Step 3: Process Array Elements

For each element arr[k] in the array:

1. Look up its position in the matrix: i, j = idx[arr[k]]
2. Increment the counters for that row and column:

   row[i] += 1
   col[j] += 1

3. Check if either the row or column is now complete:

   if row[i] == n or col[j] == m:
       return k

A row i is complete when row[i] == n (all n columns in that row are painted).
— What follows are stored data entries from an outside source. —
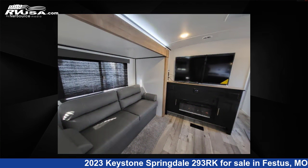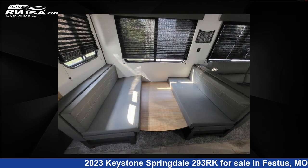For more information and pricing on this unit, and to see all units available for sale by Optimum RV St. Louis, visit RVUSA.com.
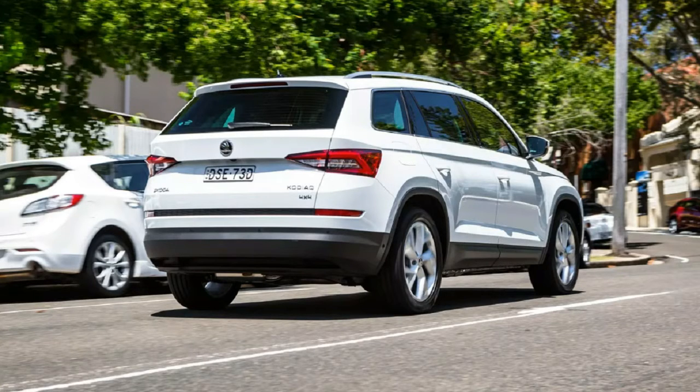Size-wise, the new Skoda effectively bridges the gap between mid-size and large SUV territory at 4,697 mm in length. It's 104 mm shorter than Volkswagen's Touareg — soon to be replaced — yet 265 mm longer than the Tiguan.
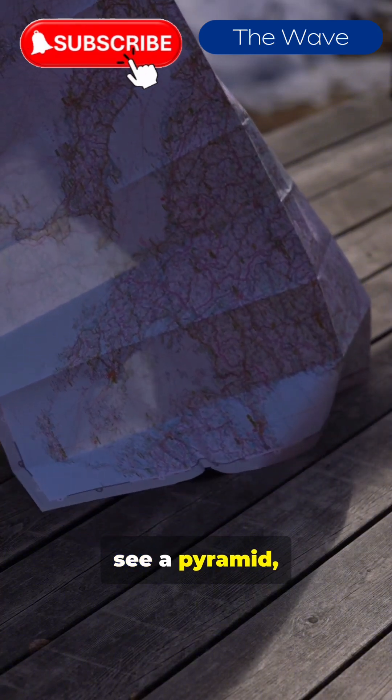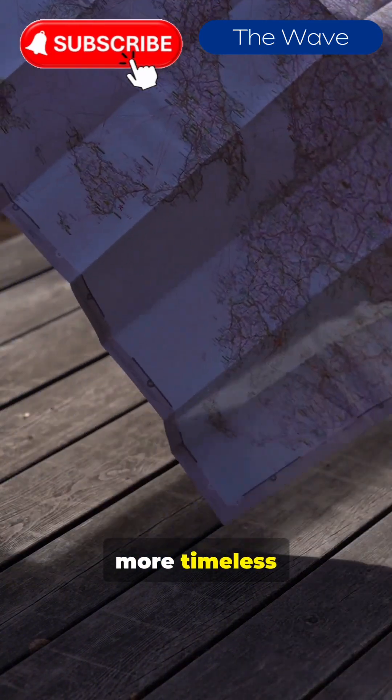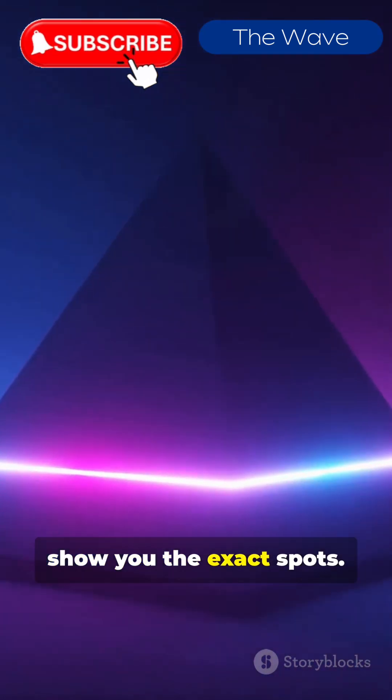So next time you see a pyramid, remember — it's less supernatural alignment, more timeless common sense. Want a quick map tour? Hit follow, and I'll show you the exact spots.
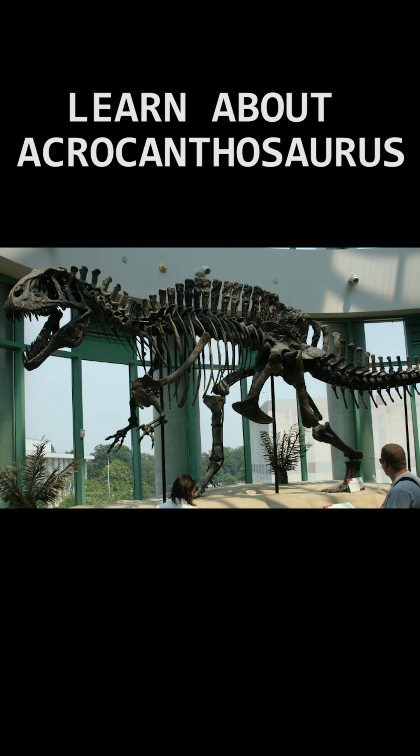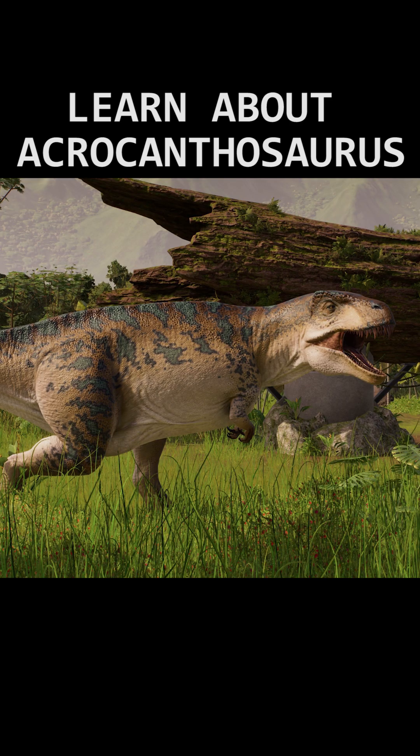This dinosaur was part of the Carcharodontosauridae taxonomy, which also includes Carcharodontosaurus and Giganotosaurus. Acrocanthosaurus had a massive skull and paired large powerful back legs, but the most striking and well-known feature about this animal is its large dorsal spines along its back.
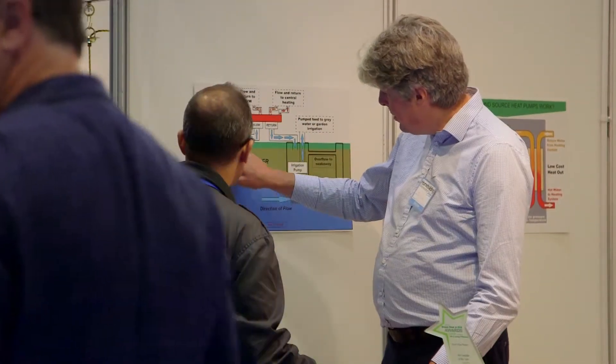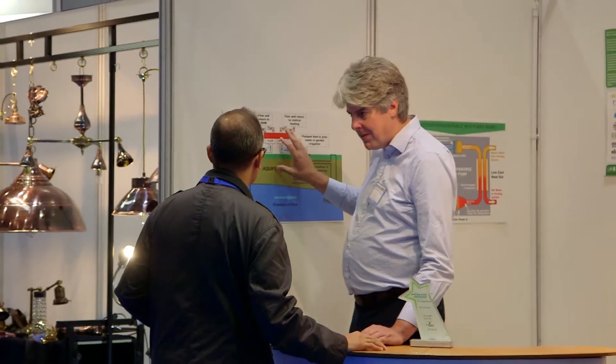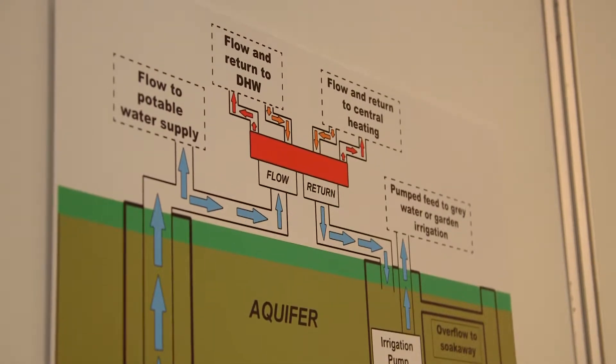Because the sun heats the earth every day of the year, the ground, once you're a couple of metres down, for the next couple of hundred metres is at around about 11 degrees centigrade. Now if we can abstract water out of the ground that's in physical contact with that strata, then it's going to be at 11 degrees centigrade, and we've got boreholes that have been taking water out of the ground at that temperature for decades.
A column j is complete when col[j] == m (all m rows in that column are painted).

Time Complexity: O(m * n) - we iterate through the matrix once to build the hash table, then through the array once (which has m * n elements).

Space Complexity: O(m * n) for the hash table, plus O(m + n) for the counting arrays.

Example Walkthrough

Let's walk through a small example to illustrate the solution approach.

Given:

• Matrix mat (2×3):

  [[1, 4, 5],
   [2, 3, 6]]

• Array arr: [3, 2, 5, 1, 4, 6]

Goal: Find the smallest index in arr where we complete a full row or column.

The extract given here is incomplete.